Leadership development can build the capacities of individuals, groups, and organizations to resolve community issues. Volunteer development can enhance the potential for community service. NIFA promotes leadership and volunteer development through its participation in interagency federal government teams; funding support for volunteer leader forums, national conferences, and community training opportunities; and research focusing on building volunteer competencies.
Cooperative Extension distinguishes itself by fostering public well-being. Leadership and volunteer development work, more than any other part of extension education, transforms the private growth of individual program participants into community well-being. The building blocks for leadership and volunteer development consist of personal, interpersonal, and group development. Examples include assessing one's strengths and weaknesses, creative thinking, active and reflective listening, influencing others, group process skills, team-building, and group decision making.

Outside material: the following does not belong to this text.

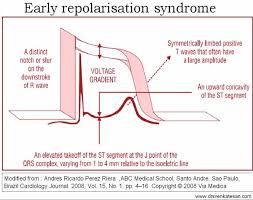 Image result for Early Repolarization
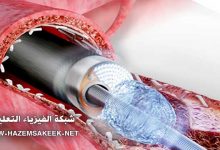 كيف يستخدام ليزر الاكسيمر في التخلص من انسداد الشرايين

Five basic themes underpin extension's leadership and volunteer development work. They include:
- Public well-being
- Community ownership and civic action
- Valuing differences among people
- Personal development
- Institutional commitment.
Leadership and volunteer development programs pursue three goals:
- Developing the capacity of individuals, groups, organizations, and communities to take action for public well-being
- Mobilizing a strong and diverse leader and volunteer corps to take public action within communities and organizations
- Facilitating and sustaining diverse partnerships, collaborations, and networks for effective action within and across communities.